MAHKEMENİN İŞE İADE KARARINI İSTAÇ İSTİNAFA TAŞIDI!

Tok’un iş akdinin feshinin usul ve yasaya aykırı olduğu kararını veren mahkeme, 04.07.2024 tarihinde işe iadesini hükmetti. Mahkemenin 31.07.2024 tarihli gerekçeli kararında, “Davacının İSTAÇ şirketinde işe başladığı dönemde aranmayan ya da giriş şartı olarak değerlendirilmeyen adli sicil arşiv kaydı hususunun daha sonra gerekçe gösterilerek davacının iş akdinin feshedilmesinin usul ve yasaya aykırı olduğu kanaatine mahkememizce varılmıştır. İspat yükü üzerine düşen davalı işverenlikçe davacının iş akdinin haklı ya da geçerli nedenle feshedildiğinin usulüne uygun şekilde ispatlanmadığı mahkememizce kabul edilmiştir. Bu nedenle davanın kabulü ile feshin geçersizliğine ve davacının davalı İSTAÇ şirketi nezdindeki işine iadesine karar vermek gerekmiştir” dendi. Ancak mahkemenin kararına uymayan İSTAÇ’ın kararı temyiz için istinafa taşıdığı ortaya çıktı.

İBB’NİN ‘GİDİN MAHKEMEYİ KAZANIN, BİZ UYARIZ’ SÖZÜ DE HAVADA KALDI

O dönemde mahkemeye bizzat İBB yönetimi tarafından yönlendirildiğine işaret eden Tok, “Beni çağıran yönetim, ‘Biz sizin mağdur olduğunuzu biliyoruz, ama şu anda elimizden bir şey gelmiyor. İçişleri Bakanı’nın talimatıyla işinize son vermek zorunda kalıyoruz. Önümüzde seçimler var, gidin mahkemeyi kazanın, biz o mahkeme kararına uyarız’ dedi. Hatta o dönem benim gibi haksız yere işten atılan ve Barış Akademisyenlerinin de aralarında bulunduğu arkadaşlarımız yine İBB yönetimi tarafından verilen benzer sözlere inanarak Saraçhane Parkı’nda direnişlerini sonlandırmıştı” diye konuştu.

AL BİRİNİ VUR ÖTEKİNE!

İşe iade davasını kazanmasına rağmen İBB’nin sözünü tutmadığı gibi İSTAÇ şirketinin kararın iptali için istinafa başvurduğuna dikkat çeken Tok, “Önce İçişleri Bakanı Soylu’nun baskısıyla işten atmak zorunda kaldıklarını söylediler, mahkemeye yönelttiler, kazanırsan biz karara uyarız dediler, kazandık ama işe iade etmedikleri gibi, 6 Ağustos’ta adli tatil olmasına rağmen kararı istinafa taşıdılar. Bu da bize bu işten atmaların danışıklı dövüş olduğunu, birbirlerinden hiçbir farkları olmadığını gösteriyor” diye tepki gösterdi.
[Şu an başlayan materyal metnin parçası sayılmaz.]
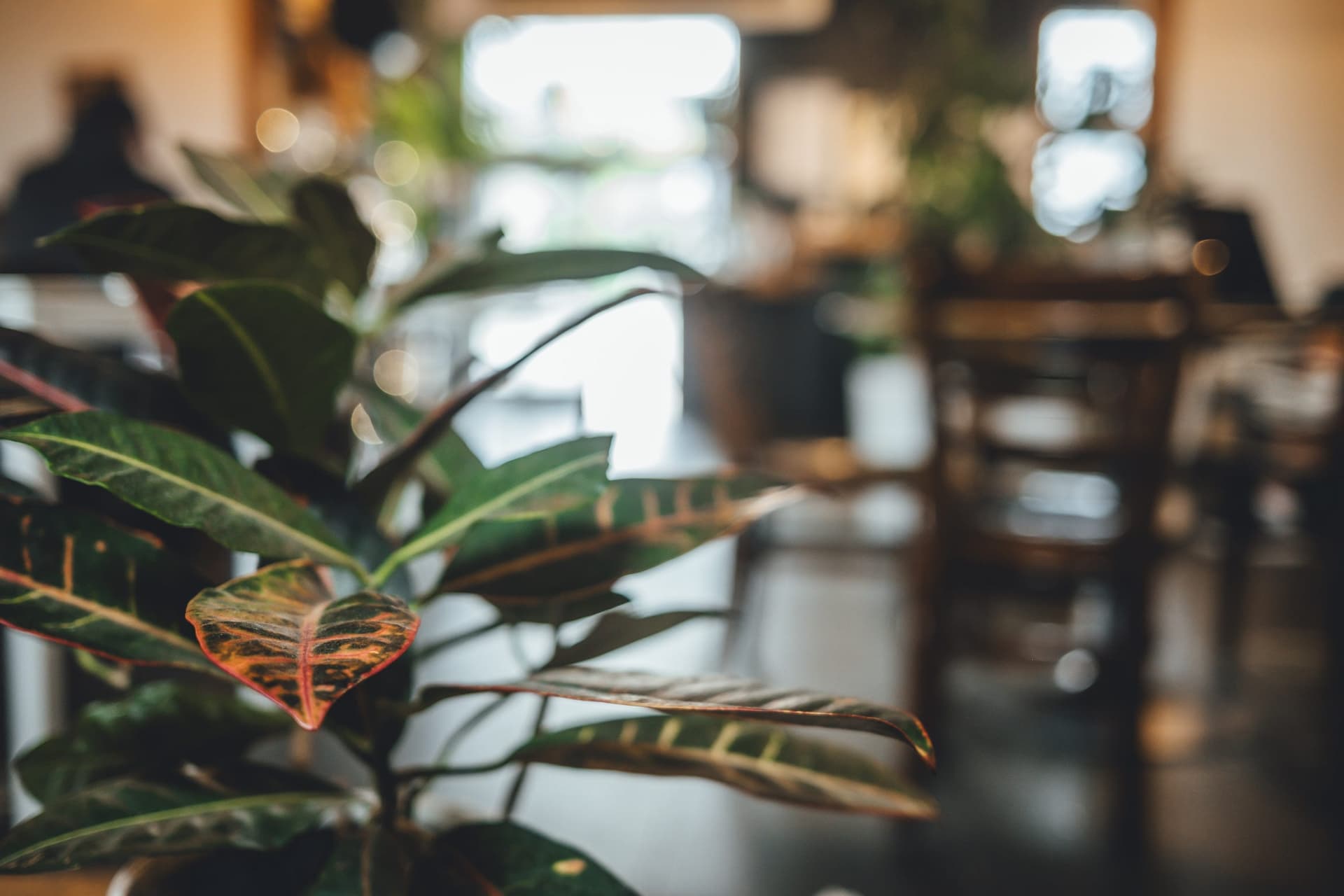 I Owe a Customer a Better Answer About “Mold-Free” Coffee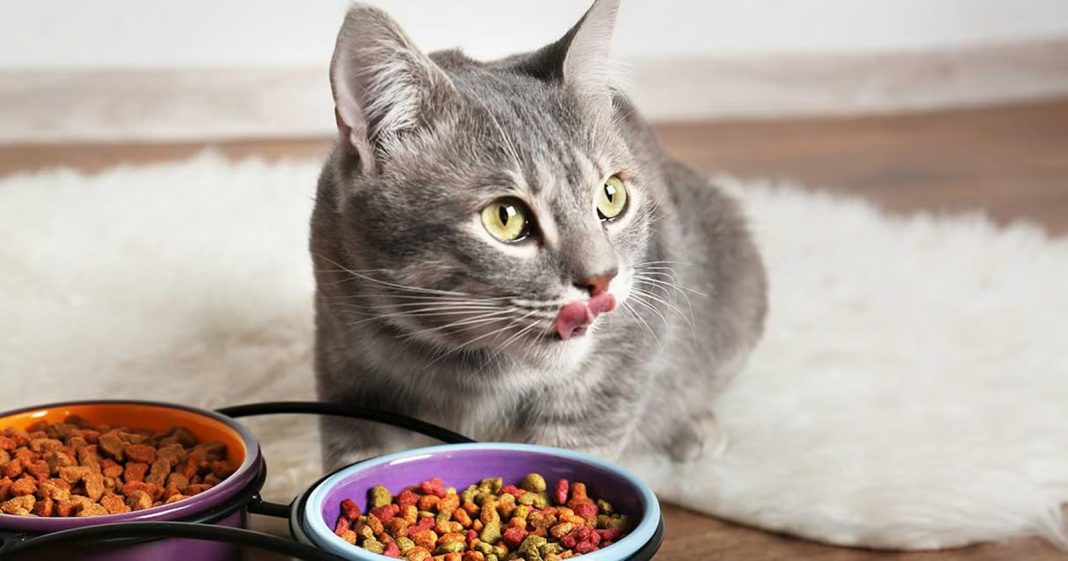 Makanan Alami untuk Mengatasi Mencret pada Kucing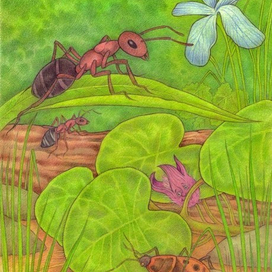 "Солдатик" на территории!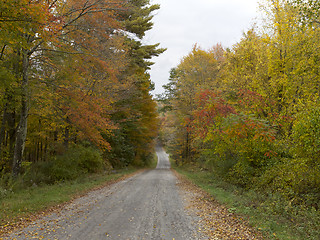 Image showing  Autumn, New England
‘İBB VERDİĞİ SÖZÜ TUTSUN, BENİ İŞE İADE ETSİN!’

Hem AKP hem de CHP tarafından emeğin ve alın terinin gasp edildiğini vurgulayan Tok, 2019 yerel seçimleri öncesi Ekrem İmamoğlu’nu ve CHP’li adayı desteklediği için Sancaktepe’deki 15 yıllık lokantasının AKP’li belediye tarafından kapatıldığını belirtti. Bu olay sonrası İBB’ye bağlı İSTAÇ şirketinde çalışmaya başladığı anlatan Tok, 3 yıl sonra ise bu kez güvenlik soruşturması bahane edilerek işinden edildiğini kaydetti. Geçmişte mahallesini zehirleyen uyuşturucu torbacılarıyla girdiği kavga sonucunda silahlı saldırıya uğrayan ve yüzde 64 engelli raporu olan Tok, bu durumun İSTAÇ tarafından da bilindiğini, işe de engelli ve eski hükümlü statüsüyle başladığını söyledi. İşten haksız bir şekilde atıldıktan sonra çok zor bir dönem geçirdiğini ifade eden Tok, İBB yönetiminin verdiği sözü tutmasını ve mahkemenin hükmettiği gibi işe iade edilmesini istedi.